== WHAT IS NEEDED ==
Copy each line below as it stands, but skip any picture it contains.

== COLLECTED MATERIAL ==
____________

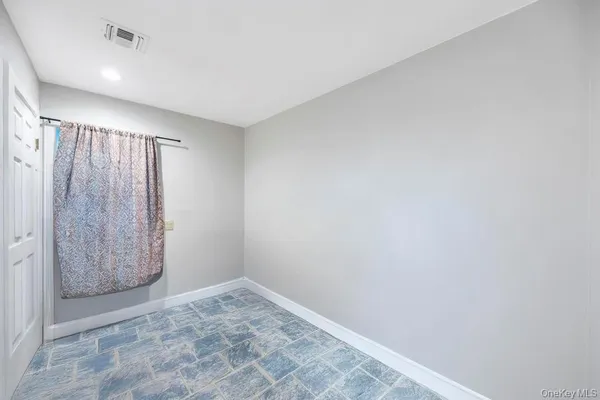 $799,000 | 69 East 8th Street, Huntington Station, NY 11746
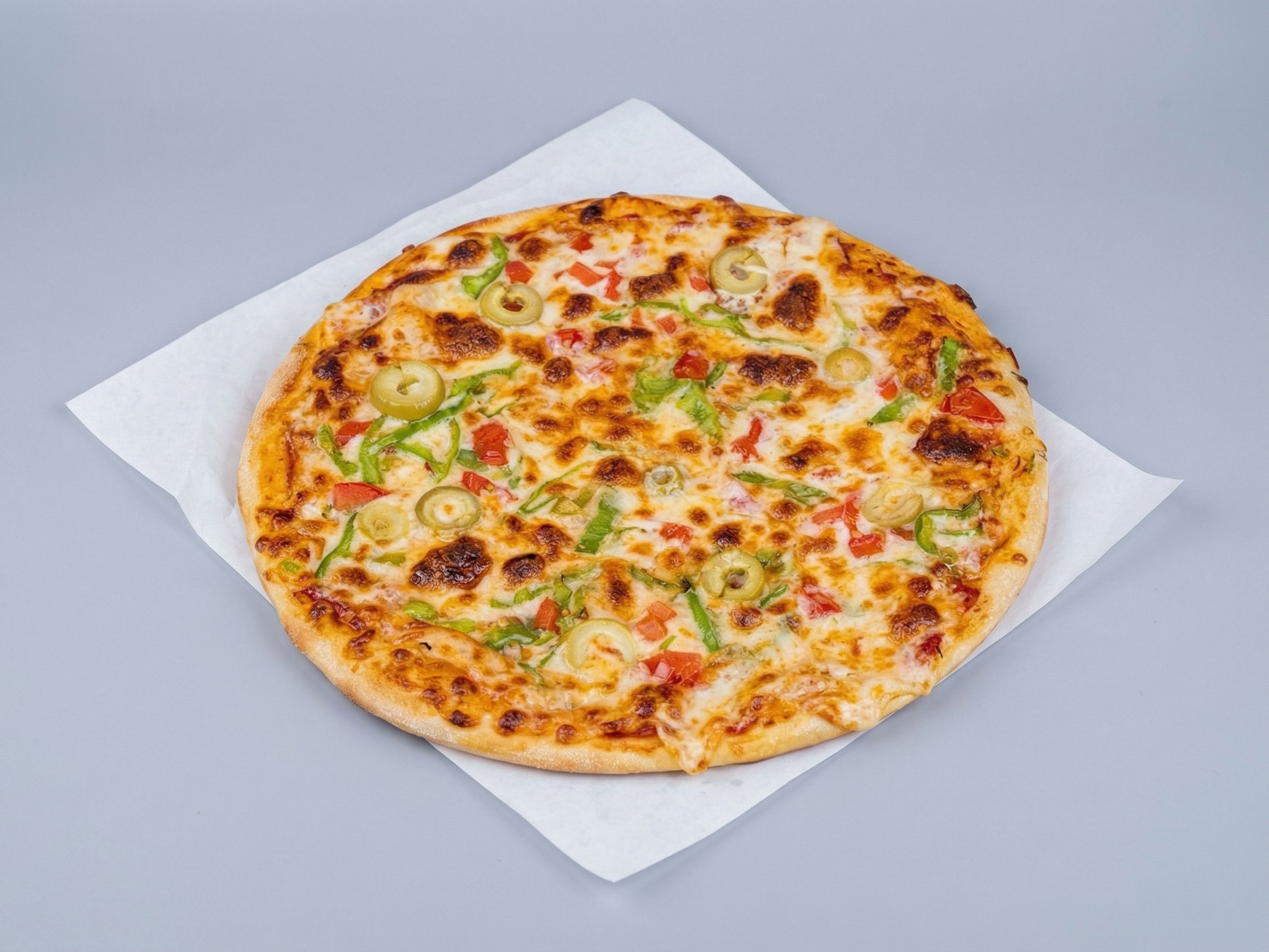 Smoked turkey oriental pizza
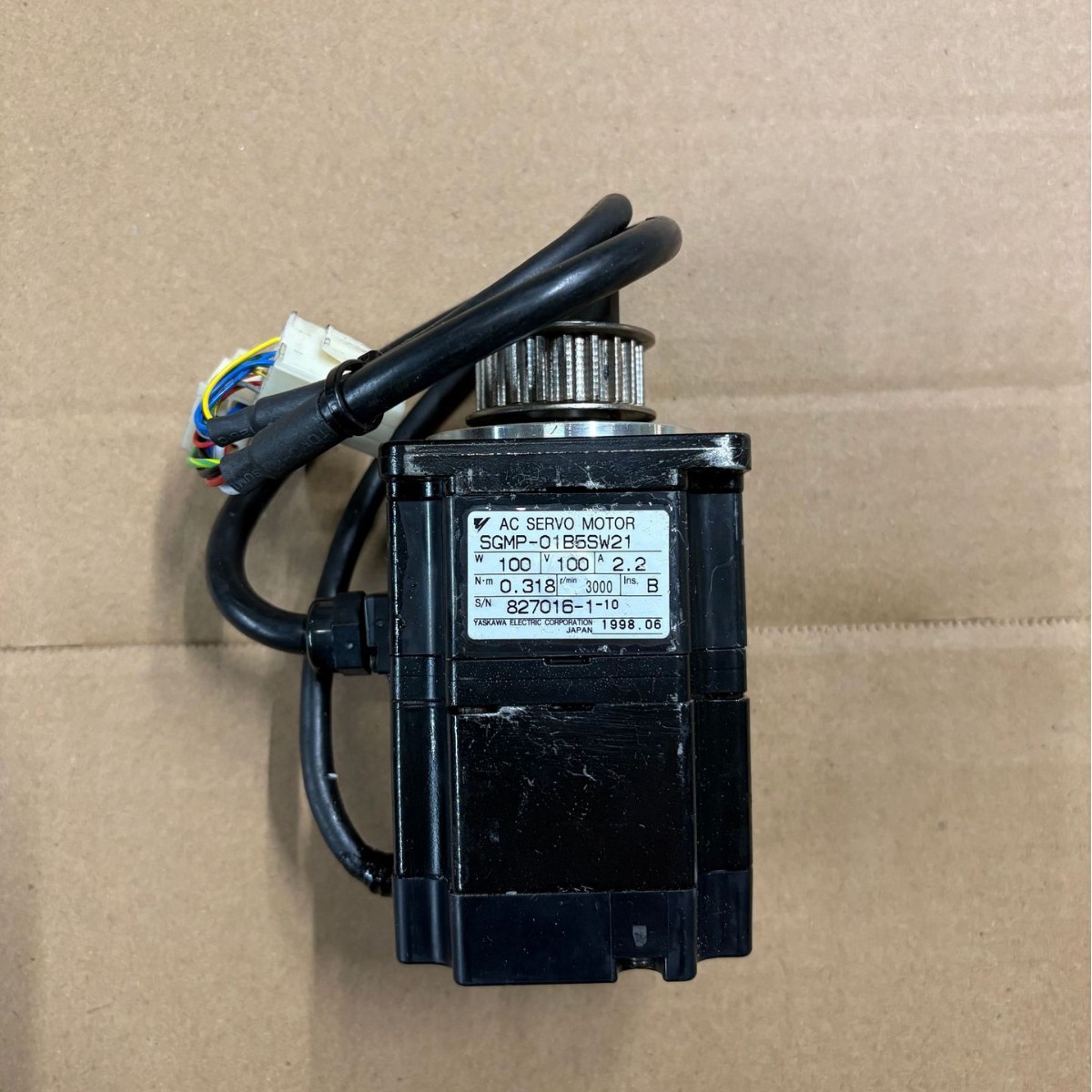 SGMP-01B5SW21  安川伺服电机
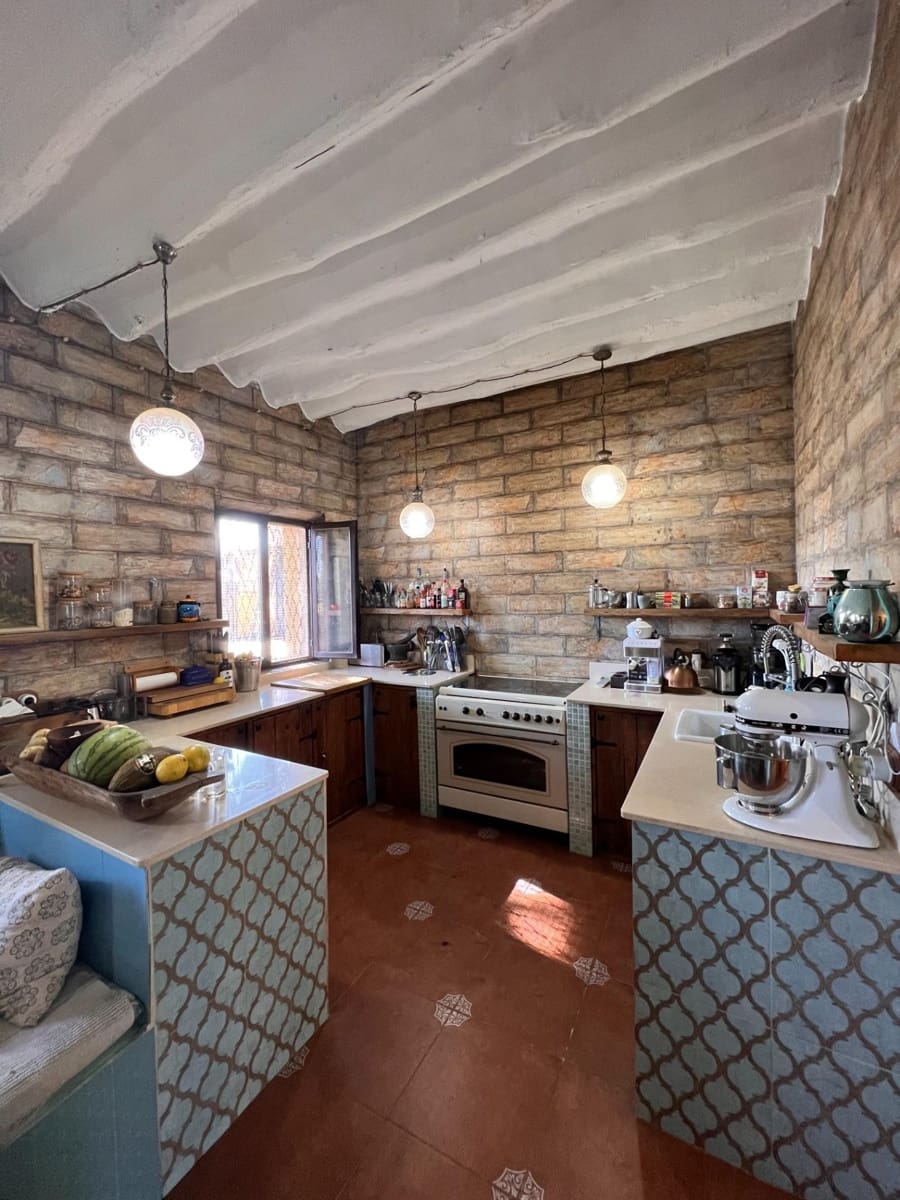 8 soveværelse Finca/Landehus til salg i Baza med swimmingpool garage - € 395.000 (Ref: 8767137)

____________

== REPLY TO THE EXERCISE ==
 $799,000 | 69 East 8th Street, Huntington Station, NY 11746
 Smoked turkey oriental pizza
 SGMP-01B5SW21  安川伺服电机
 8 soveværelse Finca/Landehus til salg i Baza med swimmingpool garage - € 395.000 (Ref: 8767137)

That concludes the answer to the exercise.